Taken somewhere in Liverpool.
Monday, 24 August 2009
Something I Learned Today.
Observations made on holiday:
1. Walking distance from nearest shop is much more important than actual distance from nearest beach.
2. Rock pools > Sand.
3. There are loads of dolphins in Cardigan Bay.
4. Every other pub in Mid Wales is called The Ship Inn.
5. Birdwatching is much harder in the countryside. There are too many trees and bushes for your quarry to lose itself in, particularly if they use that pesky camouflage developed through millions of years of evolution.
6. People go shopping in cities for a reason.
Friday, 21 August 2009
Happy Mondays - Performance - The Other Side of Midnight. UK TV late 1980s.
This performance of Performance is from an episode of The Other Side of Midnight, at the point when Tony Wilson morphed into Anthony H. Wilson. An arts and culture programme which featured local and international musicians and artists; can you imagine Granada TV commissioning something like that these days?
Wednesday, 19 August 2009
Up Against The Wall IX: International Special.
Spotted yesterday, outside Greggs in Carmarthen, Matin Lewis is a tramp 4 eva. A little bit of Wales which will be forever Salford.

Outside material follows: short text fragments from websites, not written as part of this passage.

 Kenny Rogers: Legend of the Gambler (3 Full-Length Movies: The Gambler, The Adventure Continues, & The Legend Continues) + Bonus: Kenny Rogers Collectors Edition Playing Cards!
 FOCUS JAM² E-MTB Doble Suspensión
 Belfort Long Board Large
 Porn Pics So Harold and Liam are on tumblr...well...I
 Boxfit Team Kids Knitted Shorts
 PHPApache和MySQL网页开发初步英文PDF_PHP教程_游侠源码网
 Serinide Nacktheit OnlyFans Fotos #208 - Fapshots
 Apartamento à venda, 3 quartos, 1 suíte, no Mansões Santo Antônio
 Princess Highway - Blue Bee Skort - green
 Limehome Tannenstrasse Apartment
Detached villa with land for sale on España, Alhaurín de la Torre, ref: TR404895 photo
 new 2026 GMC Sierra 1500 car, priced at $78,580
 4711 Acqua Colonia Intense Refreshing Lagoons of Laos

Last night a three down saved my life.
A good, brisk walk between Tresaith and some other identically apportioned beach shook the cobwebs out of my head today. Right up high there were loads of butterfiles - peanutbutterflies the youngest called them - mainly painted ladies, a few red admirals, lots of those white ones with the wing-trim and a single spot, and enough others to be intriguing.

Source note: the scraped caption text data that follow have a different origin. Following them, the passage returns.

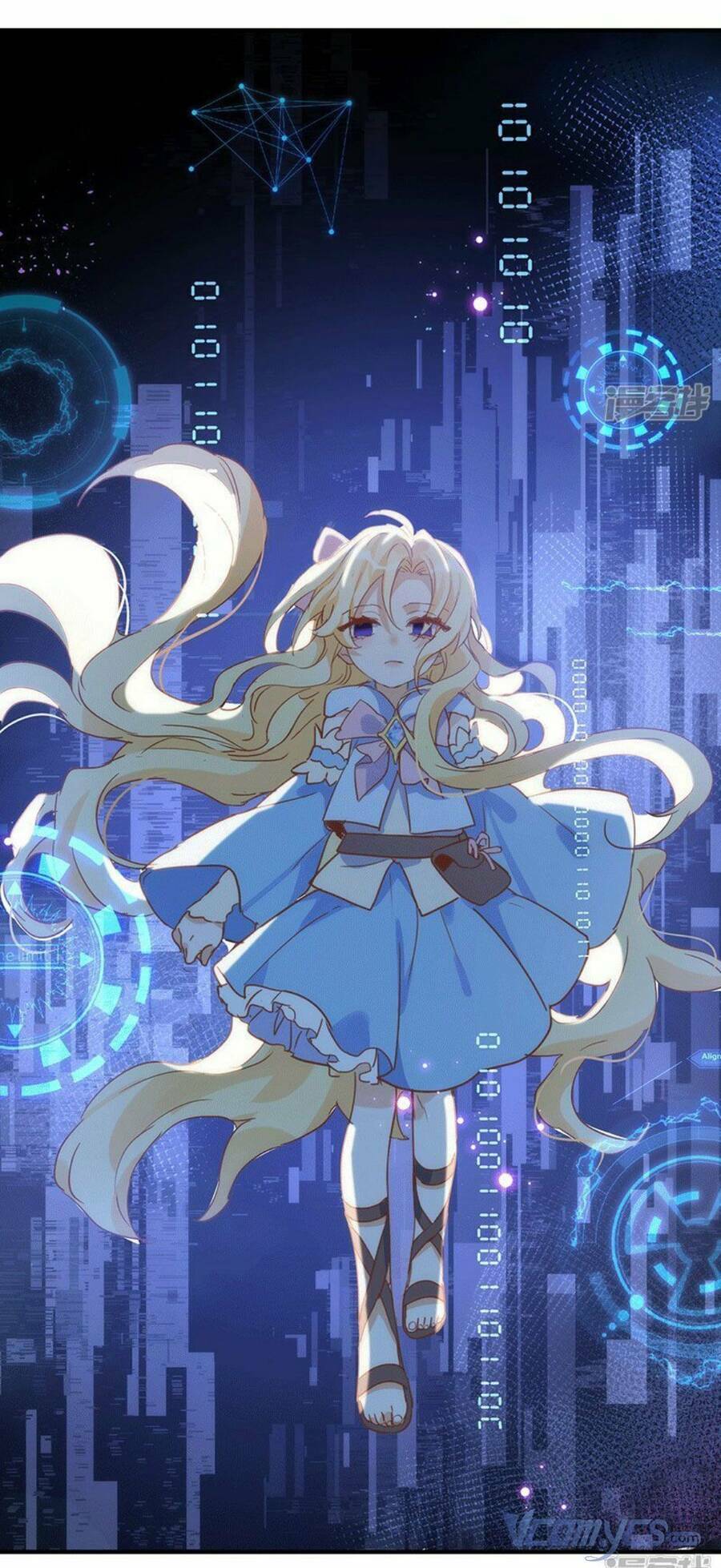 tình địch quái gở lại tăng thêm rồi chapter 61 48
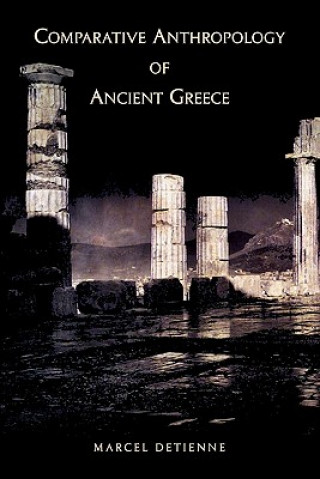 Comparative Anthropology of Ancient Greece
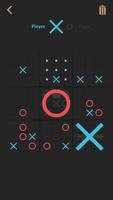 Ultimate Tic Tac Toe Online الملصق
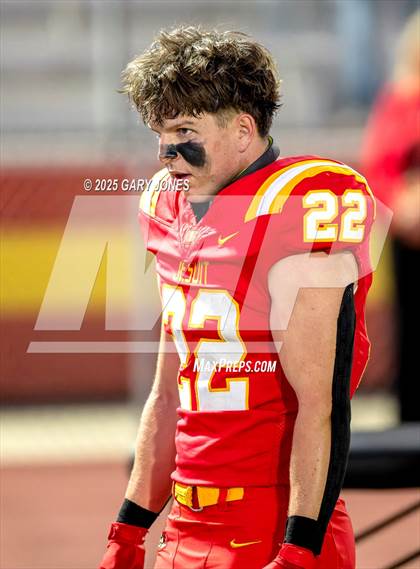 Thumbnail 2 in Rocklin @ Jesuit photogallery.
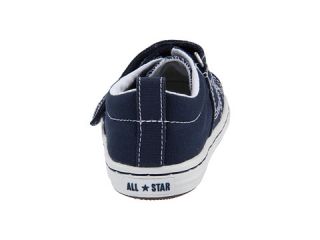 Converse Kids Chuck Taylor® All Star® Step Ox (Infant/Toddler)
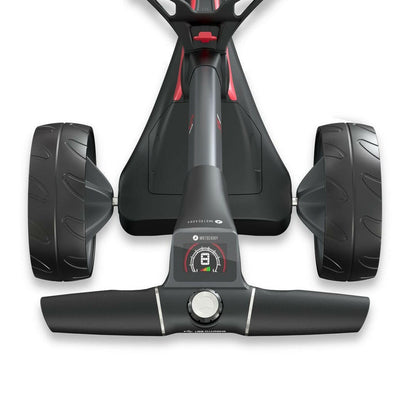 motocaddy s-series 28v screen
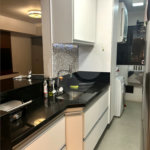 Apartamento à venda com 3 quartos, sendo 1 suíte, em Jardim Luanda, São Paulo, SP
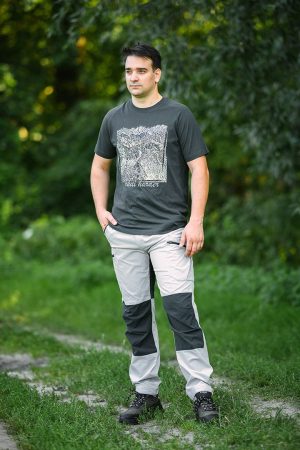 Radne hlace OUTDOOR S XXXL NEO 81 294 9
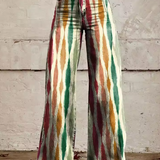 FRANCESCA - PANTALÓN VINTAGE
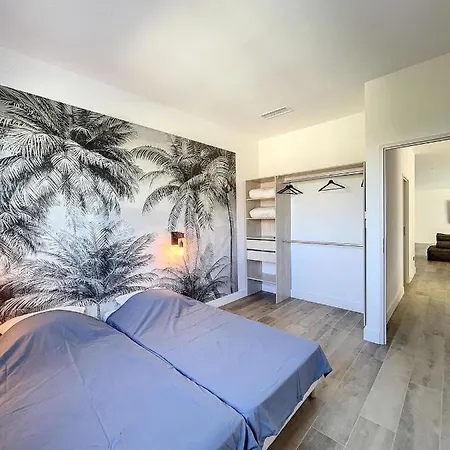 400m2 Piscine Intérieure Très Calme *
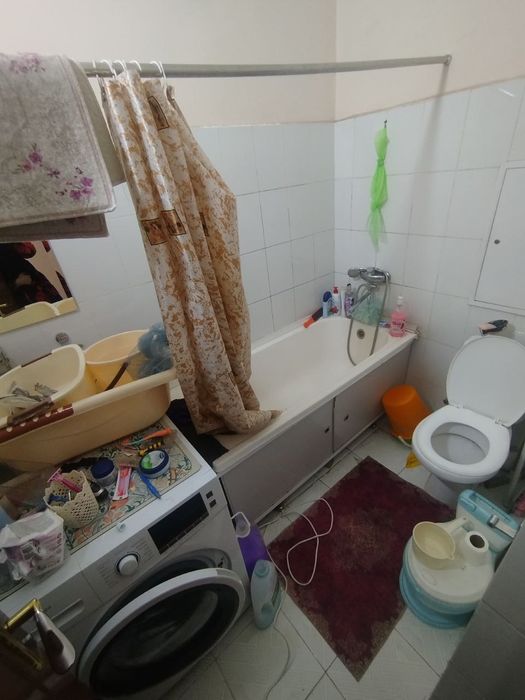 Yangi hayot tumani 6A 2xonali uy sotiladi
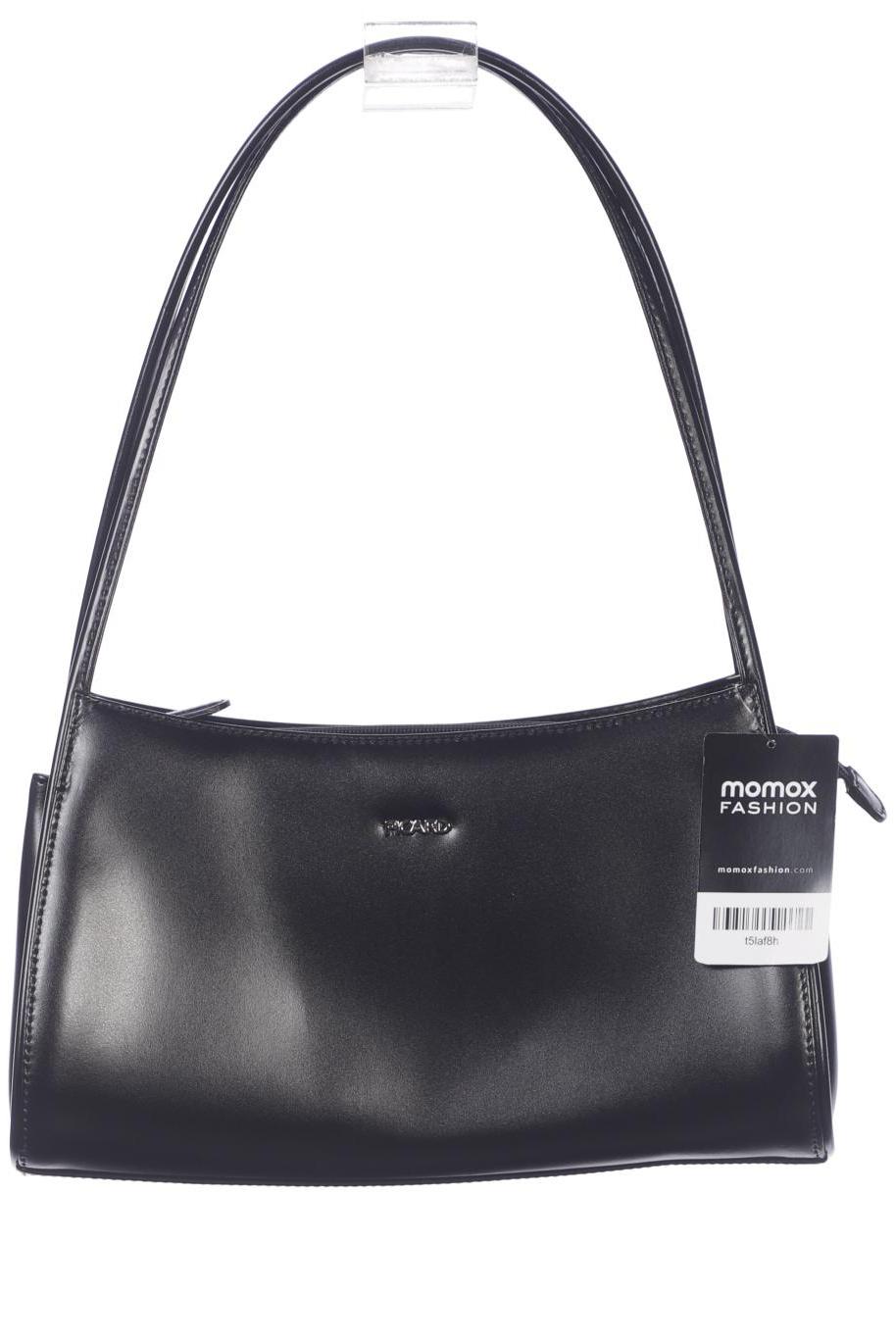 

Picard Damen Handtasche, schwarz, Gr.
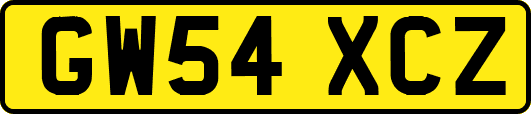 GW54XCZ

The calming influence of The Guardian Cryptic Crossword enabled me to fight my deeply-engrained anti-beach instincts for a couple of hours, but in the end I had to pull the plug on it all. No toilet, no pub, no shelter from the sun, no papershop, no benches, not even a bin to put rubbish in.
Tuesday, 18 August 2009
I Love Living In The City.
Sorry to moan but it's what I do best.
We're just into day four of our annual summer holiday to the usual place you can only really drive to. In this case, Tresaith in Mid Wales. It's a nice enough place but I wouldn't want to live here. I wouldn't even want to be here for more than a day if I was being honest. The things I need around me are not easily found in a place like this, but are often the things taken for granted and often ignored on a daily basis. Like a newspaper. My heart sang like a lovelorn lark yesterday when we deviated (in the car - always in the car) far enough from our new routine of cottage - path - beach - path - cottage - path - beach to pass a Spar from which I was able to buy a copy of The Guardian. The Monday Guardian too; Media Guardian, round-ups of the weekend's 'football action' and, usually, the most-straightforward Cryptic Crossword of the week. And that's sad. I don't even buy the paper everyday when I'm back in Manchester, but there's the requisite amount of stimulation there. And if there isn't I can always walk to the papershop at the top of the street and buy myself a newspaper. And The Beano, if I'm so inclined.
Friday, 7 August 2009
News of the World
i.ro.ny
"(esp. in contemporary writing) a manner of organizing a work so as to give full expression to contradictory or complementary impulses, attitudes, etc., esp. as a means of indicating detachment from a subject, theme, or emotion."